Avec la participation de Robert Davezac, né à Alger en 1941, ex-OAS, devenu historien après des études supérieures entamées à 40 ans ; de Gérard Lehmann, écrivain, auteur de La cendre et la braise sur l’OAS ; de Wolf Albes, éditeur ; de Maria Alonso, journaliste ; de Nicole Guiraud, victime à sept ans de l’attentat du 30 septembre 1956 au Milk Bar d’Alger, et de moi-même
Mais ces journées de Masseube ne peuvent pas n’être qu’un week-end studieux. Les Pieds-Noirs, c’est dans leur nature et c’est tant mieux, quelquefois même sans le savoir, s’efforcent toujours de mettre du sourire dans les choses sérieuses et du sérieux dans le plaisir.
Qu’ils viennent pour le colloque ou tout simplement pour être ensemble, qu’ils soient des philosophes amateurs ou des spécialistes de Camus, des politiques ou des curieux, qu’ils carburent aux nourritures spirituelles ou qu’ils préfèrent les nourritures terrestres (toutes compatibles !) il va sans dire que les participants à ces journées auront tous matière à tirer profit de leur visite.
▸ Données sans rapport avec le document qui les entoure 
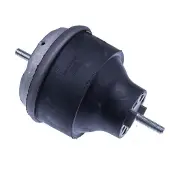 DENCKERMANN Lagerung, Motor D800039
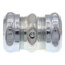 1" Steel EMT Compression Coupling
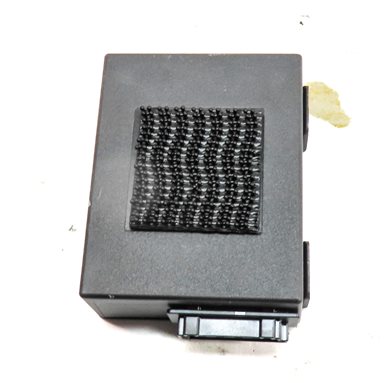 Thumbnail 5: 2016 RANGE ROVER (L405) TIRE PRESSURE MONITOR TPMS SENSOR MODULE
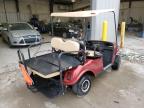 2013 'Other Rv' Golf Cart en Venta en Franklin, WI - Side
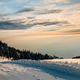 3 načini, kako si čarobno in zabavno zimo pričarati tudi v januarju (zraven ste lahko še aktivni!)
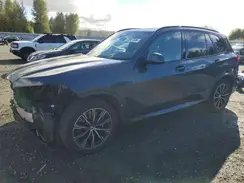 5UXCR6C05L9C30944 2020 BMW X5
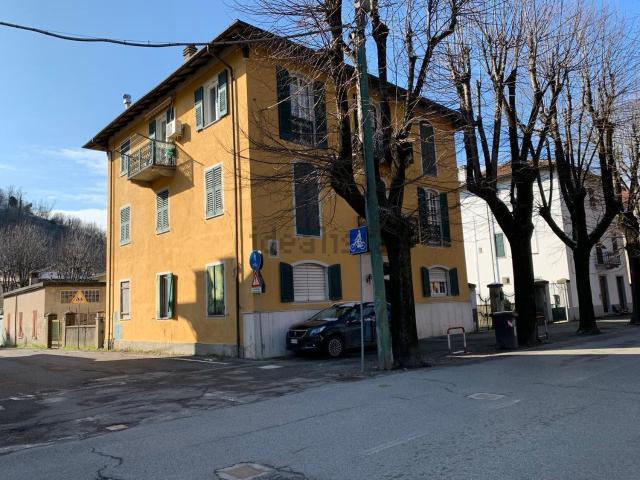 Appartamento in vendita a Piemonte, Alessandria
Plus sérieusement, à titre personnel, je souhaite que les PN résidant en Midi-Pyrénées, en Aquitaine ou dans les Départements limitrophes, viennent nombreux à Masseube les 29 et 30 juin prochains et je rêve même d’y voir trois générations de PN ensemble. C’est pourquoi j’en appelle aux lecteurs qui le pourront, en particulier aux signataires de la pétition « Taisez-vous, Elkabbach ! », pour qu’ils viennent me retrouver dès le samedi 29 juin au Campus Saint-Christophe de Masseube.